El movimiento devuelve la estadística a la tendencia bajista que se había mantenido desde agosto de 2024 y que solo se interrumpió en marzo, cuando el tipo medio repuntó hasta el 2,923%. La caída mensual es de 7,2 puntos básicos, pero lo más relevante está en la comparativa interanual: frente a abril del año pasado, el coste medio de firmar una hipoteca ha bajado casi un punto. Una diferencia que se traduce en varios cientos de euros al año para quienes compran ahora.
En paralelo, en la eurozona también se registran recortes. El tipo medio de los préstamos hipotecarios de entre uno y cinco años se redujo en abril hasta el 3,510%, desde el 3,530% de marzo. Hace justo un año, ese mismo indicador estaba en el 4,000%. Esta leve bajada va en sintonía con la expectativa de que el Banco Central Europeo abra la puerta a un primer recorte de tipos en su reunión de junio.
Pero el gran termómetro para el bolsillo de los hipotecados sigue siendo el Euríbor. El índice cerró abril en el 2,143%, encadenando una nueva caída desde el 2,398% de marzo y muy por debajo del 3,703% de abril de 2024. La media de los primeros cuatro meses de 2025 se sitúa en el 2,37%, frente a un 2,90% de tipo medio en las hipotecas firmadas este año.
La desconexión entre el Euríbor actual y los tipos a los que los bancos están prestando refleja un cierto margen que las entidades financieras siguen aplicando, aunque ese diferencial se ha ido estrechando. La mejora del perfil de los solicitantes y la competencia por captar clientes también explican por qué los tipos de concesión se mantienen por debajo del 3%, a pesar de que el tipo de depósito del BCE aún está en el 4%.

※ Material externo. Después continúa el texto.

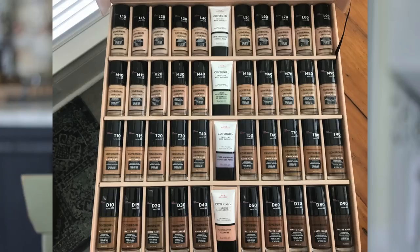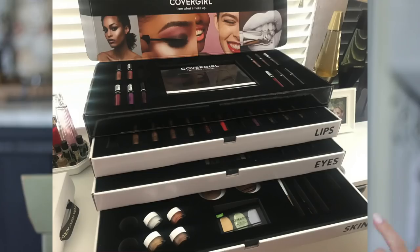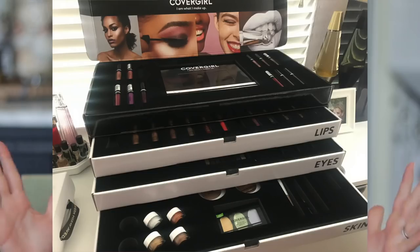Hey everyone, I'm sure you've seen splashed all over social media the giant PR packages that CoverGirl sent recently about a month ago. Sometime in April I got that huge box with lips, eyes, face products, all kinds of things. And that was incredibly overwhelming. To be honest, I barely touched any of the products in there.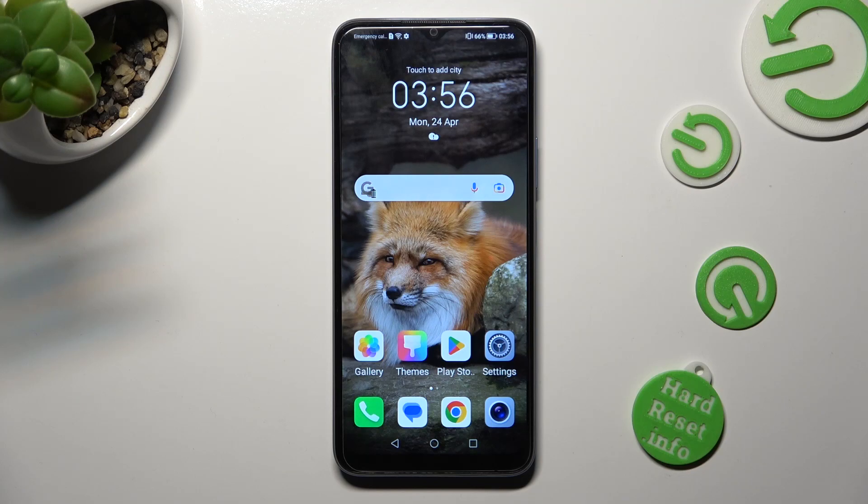Hi, in front of me is Honor X6 and today I would like to show you how you can operate vibration options available on this Honor.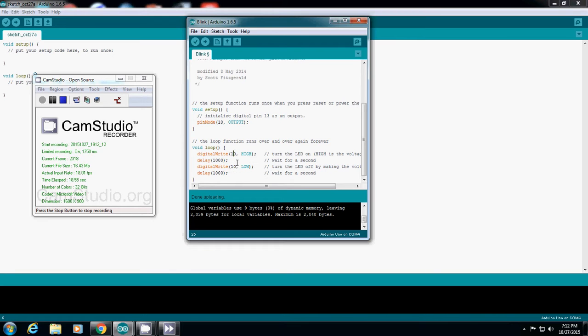And also digitalWrite, we need to update to pin 10. And the second digitalWrite, we also need to change to pin 10. Then I will verify and upload it.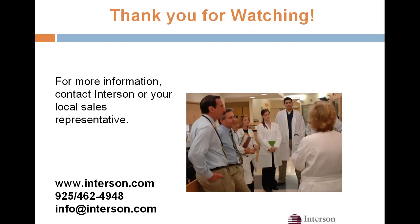Thank you very much for watching, and please don't hesitate to contact us for more information.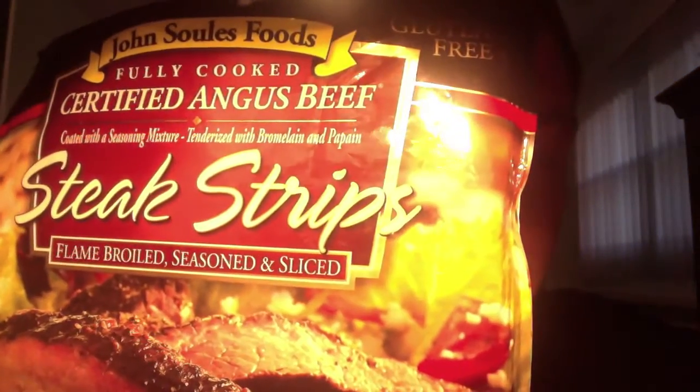What's up, guys? It's Zach from Quick Food Review. Better pepper your Angus. Today, I'm going to be reviewing the John Soles Steak Strips.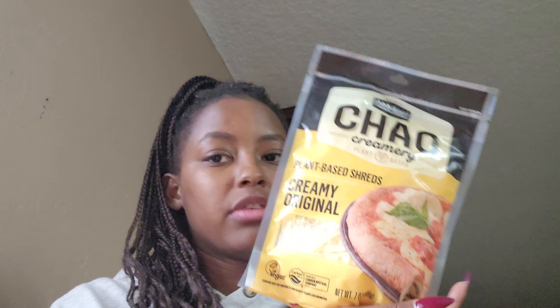I got some creamy yellow mustard — I forgot to get mustard from Trader Joe's for the tuna salad. Then I have Chow Creamery plant-based shreds. I'm not sure what I'm gonna use that for yet, maybe crackers or dipping. I've never tried it but I've seen good reviews. I also got a little watermelon — I'm about to cut this up while I'm cooking some tacos.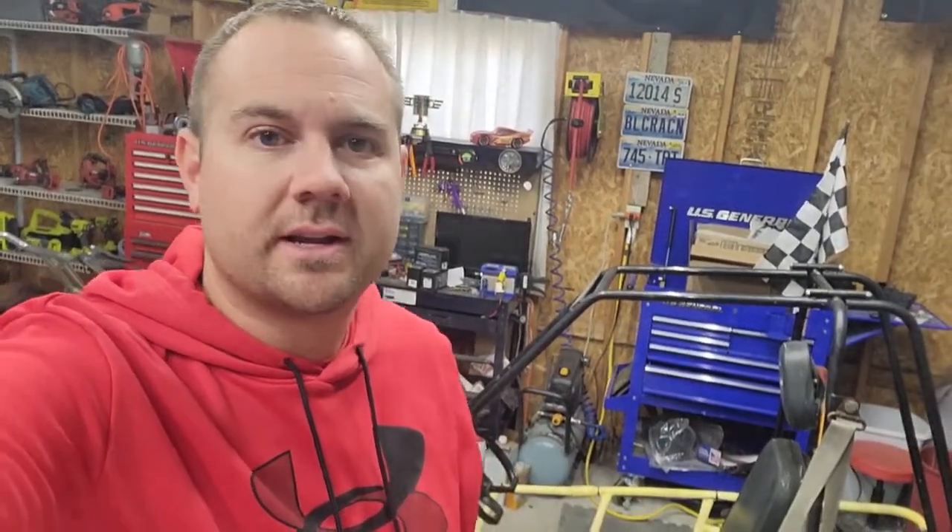Hey guys, welcome back to COSAC Customs. I've never done this before but I have two videos back-to-back because I picked up another project while I was in the middle of the go-kart project. The video literally just uploaded. I'm gonna get the brakes done on the go-kart soon, but I picked up another thing and I think you're gonna like it.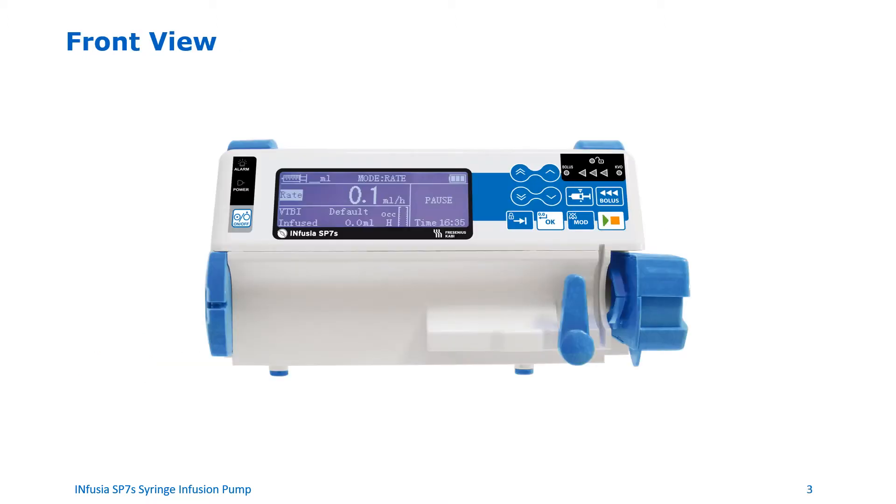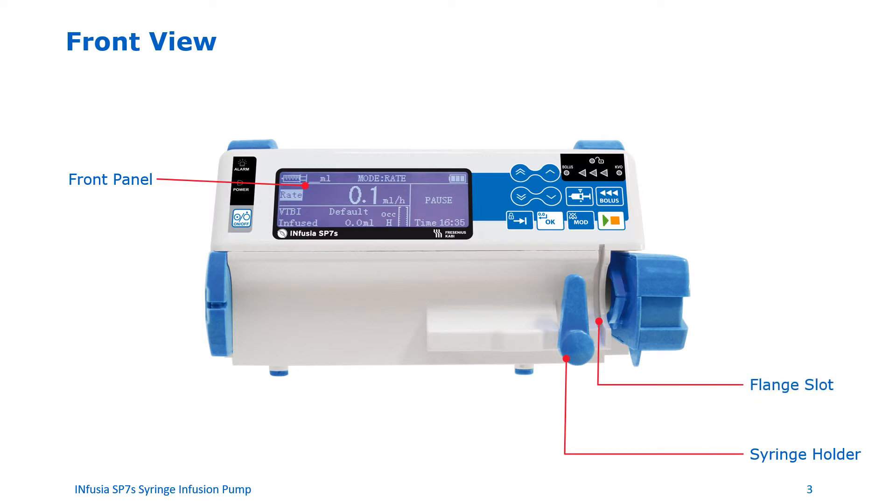Front view of the device. Let's familiarize ourselves with the front of the pump. The area of the pump with the screen and the keys is referred to as the front panel. The syringe holder holds the syringe in place. The flange slot is where the syringe flange is inserted. The plunger lock locks the plunger and pusher in place. The plunger detector detects the presence of the syringe and the size of the syringe.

Este entorno más benigno ha devuelto cierto movimiento al mercado hipotecario, con más ofertas a tipo mixto y ajustes a la baja en las condiciones comerciales. Pero la clave está en la política monetaria. Si el BCE confirma en junio su primer recorte de tipos desde 2016, se abrirá la puerta a nuevas caídas tanto en el Euríbor como en los tipos hipotecarios de nueva firma.
Quienes firmaron hipotecas variables entre 2022 y 2023, justo en el pico del encarecimiento, siguen afrontando cuotas elevadas, pero al menos ya se observa un giro claro en las referencias. La cuestión ahora es si esa tendencia bajista se consolidará a lo largo de 2025 o si la inflación volverá a hacer de freno.